Under the leadership of Židonis, original and efficient automatic machines for packaging food and chemical products in film containers were created. Bulk packaging machines became a huge success and were successfully used for more than 40 years. He was the first inventor in Lithuania at the time whose inventions were valued at significant sums as they were economically efficient. This is evidenced by a certificate signed by Jonas Šeškevičius, the then director of the Marijampolė food industry factory, which stated that only in fifteen years (from 1971 to 1986) the packaging machines created by Židonis yielded a 165 million ruble economic profit. Since 1976 Židonis was the head of the Department of Mechanical Disciplines of the Klaipėda faculty of the Kaunas Polytechnic Institute, and became a professor in 1977. In 1990 he established the Institute of Scientific and Technical Creativity entitled "Studija". During his time in the Soviet Union, Židonis mentored 21 academic doctors and 70 inventors, wrote about 140 science and science popularization articles, as well as published 2 scientific books, having co-authored two more. In 1982 he was awarded the USSR State Prize. 150 inventions are attributed to Židonis in total, 11 of which came from post-Soviet Lithuania.[9]

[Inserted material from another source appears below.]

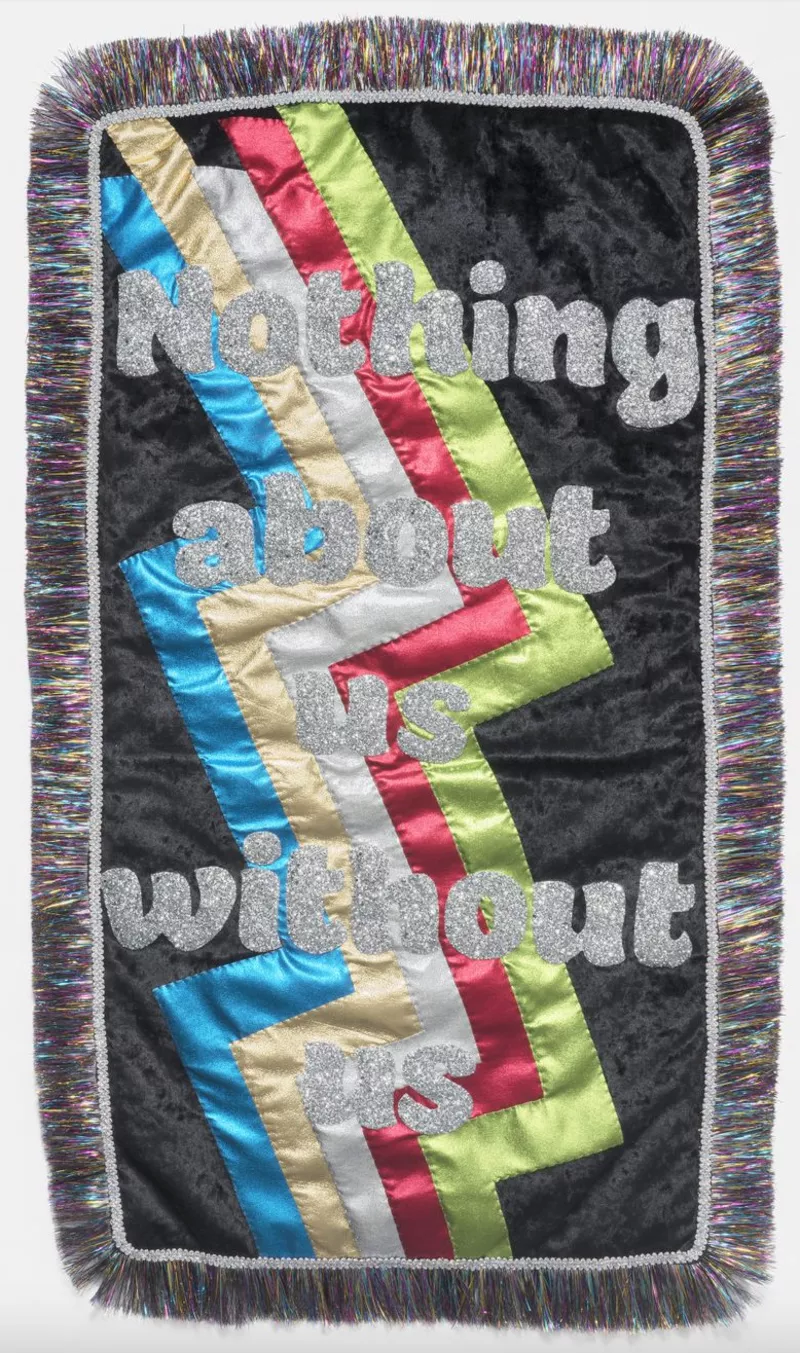 Embroidered, multicoloured banner with black sides and black tassels around it, that says 'Nothing about us without us'.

Right after the January Events, Židonis was called by the third cabinet of the government led by Gediminas Vagnorius to work as the minister of natural resources from 1991 to 1992.[10] [11] He was also briefly part of the deputy council of Klaipėda.[12] After his tenure in the government, Židonis retired from work and never returned to Klaipėda. Instead, he took up solving problems of alternative energy. In 1993 he founded the scientific production company "Slengiai", becoming its scientific manager and owner. In 2009 Židonis also invented new combustion technology for the heating boiler, which made it possible to reduce the slagging of the burning straw pellets, making it more environmentally friendly. In 2001, under his initiative, the Lithuanian Academy of Applied Sciences was established. In 2008 he was awarded the title of associate professor at Klaipėda University.
Vilius Židonis died on 7 July 2018 in Klaipėda. He was buried in the cemetery.